Oh, I see now! People are only denied health coverage by insurance companies because those companies are regulated! If the gubmint took their mitts off those poor, beleaguered multibillion dollar corporations, this industry that refers to any medical treatment given as a "medical loss" would no doubt choose to start "medical lossing" people right and left! I mean, that's what free markets do, right? They make companies less attentive to the bottom line!
Sorry, prof. Pre-existing conditions are the result of insurers doing what businesses are supposed to do: making a profit.
Then again, how would I know? This mythical "unregulated medical insurance market" exists only in the fevered imagination of glibertarians such as Professor Miron. I'm sure it works great in there! I wonder if everyone's got a pony, too!
Except that all of the other westernized countries that have national healthcare pay less per capita and get better service. Don't believe me? Go to OECD, WHO, CIA Factbook and I think EarthTrends.org has statistics on the health and well being.
Why is this? Probably because the way cost shifting works within the insurance industry benefits from an economy of scale. At any given time (despite when vastly catastrophic and unique happenings happen: plague, spanish flu, etc) there are far more healthy people than sick people. So, the higher percent of the population that pays in will help lower the cost for everyone.
I get that you have libertarian leanings but the facts just disagree with you on this one.
France is ranked No. 1 in the world (According to the WHO) and only paid US$ 3600.00 per capita (according to 2007 OECD statistics). The US ranks 37th and we pay US$ 7290.00.
Now which system is more inefficient?
The position that you have taken in your opinion piece is one morally bankrupt to the point of obscenity. Worse than that, the whole concept is logically and philosophically suspect. You spin out dire and specious predictions for what might happen should any of the (admittedly, majorly flawed by any standard) health care bills are passed, yet you ignore what would be the inevitable consequence of your own favored approach.
Often American citizens are at risk of death or permanent disablitity unless they receive the immediate attention of medical professionals, with the attendant loss of profits for the provider in the event of such a patient being unable to pay.
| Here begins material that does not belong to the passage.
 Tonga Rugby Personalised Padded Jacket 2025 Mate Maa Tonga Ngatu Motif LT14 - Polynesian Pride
Your article suggests you would be in favor of repealing EMTALA, but you ignore its very existence. After all, if EDs were allowed to throw out the uninsured and let them die, the cost of insurance would plummet--well, if the controlling institutions decided to generously and of their own free will pass on the drop in expenses to patients, instead of maintaining their current price structures and using the extra revenue to increase the salaries of those in control. As we all know, private corporations never seek to increase their profits above providing better services, and are of course committed to serving the public good, instead of enriching those who control them. Isn't OPEC one of the greatest sources of good in this world, after all?
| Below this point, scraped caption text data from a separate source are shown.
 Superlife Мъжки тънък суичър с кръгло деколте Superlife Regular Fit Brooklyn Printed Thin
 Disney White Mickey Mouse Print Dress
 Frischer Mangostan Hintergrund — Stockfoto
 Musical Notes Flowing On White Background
To sum it up: You've said a toll of completely preventable human deaths are acceptable--not just acceptable, but *necessary* for the greater good, because it is more important that for-profit institutions continue to increase their revenue. For the good of us all, somehow. You have in no way justified your position that for-profit institutions provide better care per capita than charity or government-run institutions. You have not even bothered to distinguish between a non-profit publicly-managed insurance program and the horrible Marxist usurping of every hospital in the country.
(Also, I hope the inability to scroll, copy, paste, and use the arrow/backspace/delete keys in your comment window is an unfortunate mistake in blog settings and not a deliberate attempt to make responding a pain in the fucking ass.)